For the chicken
450g/1lb chicken breasts and thighs, cut into 5cm/2in strips
½ tsp ground black pepper
2 tbsp vegetable oil
1 tbsp garlic infused oil
5cm/2in piece fresh root ginger, peeled, finely chopped
1 red pepper, cut into small wedges
2 tbsp shaoxing rice wine or dry sherry
2 tbsp sesame oil
4 tbsp soy free seasoning sauce
2 tsp cornflour
2 tbsp sesame seeds
For the noodles
250g/9oz medium rice noodles
2 scallions, finely sliced green end only
For the chicken, place the chicken into a bowl, add half the soy free seasoning sauce, garlic infused oil and black pepper and toss well, then set aside.
Heat a wok or large frying-pan over high heat until it is hot.
Add the oil, and when it is very hot and slightly smoking, add the chicken and stir-fry for 2-3 minutes or until golden-brown, and nearly cooked.
Remove the chicken from the wok and set aside. Add the ginger and red pepper and stir-fry for three minutes.
Add the chicken and toss through then add the sherry, sesame oil, soy free seasoning sauce and heat through, stirring to combine.
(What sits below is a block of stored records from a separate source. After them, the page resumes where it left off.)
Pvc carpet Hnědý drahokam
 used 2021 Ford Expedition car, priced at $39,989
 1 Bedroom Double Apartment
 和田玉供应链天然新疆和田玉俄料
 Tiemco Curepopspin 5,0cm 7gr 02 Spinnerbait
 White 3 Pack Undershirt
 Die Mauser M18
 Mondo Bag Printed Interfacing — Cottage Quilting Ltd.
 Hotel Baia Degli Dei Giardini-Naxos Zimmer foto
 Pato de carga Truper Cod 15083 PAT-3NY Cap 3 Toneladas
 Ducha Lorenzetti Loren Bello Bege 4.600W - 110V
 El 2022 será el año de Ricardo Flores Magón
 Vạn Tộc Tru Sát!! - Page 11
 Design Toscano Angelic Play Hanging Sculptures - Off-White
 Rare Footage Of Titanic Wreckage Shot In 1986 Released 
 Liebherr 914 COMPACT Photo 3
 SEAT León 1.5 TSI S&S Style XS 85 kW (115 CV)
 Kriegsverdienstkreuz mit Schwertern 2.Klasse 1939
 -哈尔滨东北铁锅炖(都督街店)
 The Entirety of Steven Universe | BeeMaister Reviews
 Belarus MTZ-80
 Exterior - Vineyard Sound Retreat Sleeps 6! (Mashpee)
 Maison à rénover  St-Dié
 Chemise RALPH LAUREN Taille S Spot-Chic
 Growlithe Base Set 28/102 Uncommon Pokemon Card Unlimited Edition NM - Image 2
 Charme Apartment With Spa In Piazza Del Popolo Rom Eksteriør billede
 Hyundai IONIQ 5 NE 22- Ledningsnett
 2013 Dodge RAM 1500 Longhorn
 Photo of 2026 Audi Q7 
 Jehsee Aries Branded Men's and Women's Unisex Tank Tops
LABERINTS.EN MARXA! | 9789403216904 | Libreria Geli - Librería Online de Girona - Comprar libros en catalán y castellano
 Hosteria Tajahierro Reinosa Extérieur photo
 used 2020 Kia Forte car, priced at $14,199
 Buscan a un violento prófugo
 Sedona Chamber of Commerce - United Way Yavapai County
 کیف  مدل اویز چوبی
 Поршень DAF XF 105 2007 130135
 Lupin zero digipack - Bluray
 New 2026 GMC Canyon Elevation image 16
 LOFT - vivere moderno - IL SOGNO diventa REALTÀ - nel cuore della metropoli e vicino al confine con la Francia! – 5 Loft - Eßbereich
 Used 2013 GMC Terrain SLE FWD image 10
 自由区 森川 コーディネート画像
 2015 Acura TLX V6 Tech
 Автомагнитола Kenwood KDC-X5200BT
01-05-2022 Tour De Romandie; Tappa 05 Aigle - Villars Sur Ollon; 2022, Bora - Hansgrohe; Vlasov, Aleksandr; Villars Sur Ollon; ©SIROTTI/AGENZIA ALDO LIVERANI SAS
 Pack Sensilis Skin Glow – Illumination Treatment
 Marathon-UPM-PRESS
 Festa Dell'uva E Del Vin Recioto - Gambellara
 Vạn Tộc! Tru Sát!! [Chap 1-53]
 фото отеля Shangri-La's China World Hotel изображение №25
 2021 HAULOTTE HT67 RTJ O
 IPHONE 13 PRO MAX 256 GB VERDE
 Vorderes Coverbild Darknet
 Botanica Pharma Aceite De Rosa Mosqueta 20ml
Mix the cornflour with one tablespoon of water, then stir into the sauce and heat until just thickened.
For the rice noodles, cook the noodles according to the pack instructions, then drain and toss with the sesame oil and scallions.
To serve, pile the noodles onto the plate, then spoon the chicken over the top. Garnish with the sesame seeds and serve at once.